*** SUPPLIED MATERIAL ***
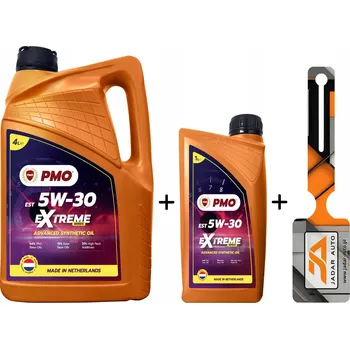 Motorový olej PMO Extreme EST 5W30 5L (4L+1L) PAO+ Ester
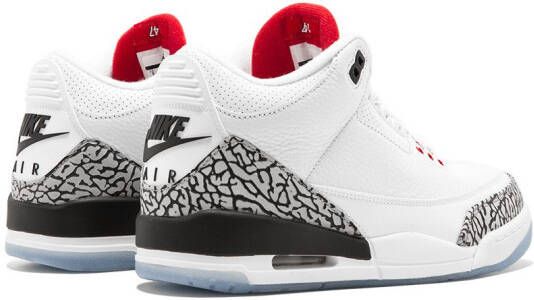 Jordan Air 3 Retro NRG sneakers Wit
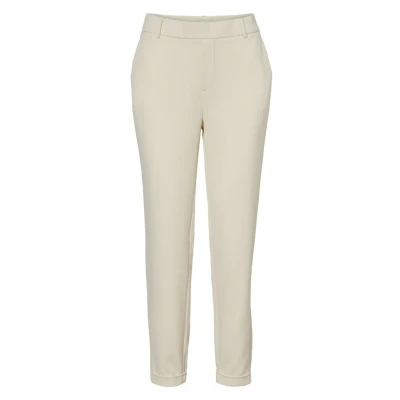 Afbeelding van Vero Moda Vmmaya MR Solid NOOS Broek, Dames, Maat: XLx34, Birch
***
Word for word, restate each line above, minus its pictures.

◆ EXERCISE ANSWER:
 Motorový olej PMO Extreme EST 5W30 5L (4L+1L) PAO+ Ester
 Jordan Air 3 Retro NRG sneakers Wit
 Afbeelding van Vero Moda Vmmaya MR Solid NOOS Broek, Dames, Maat: XLx34, Birch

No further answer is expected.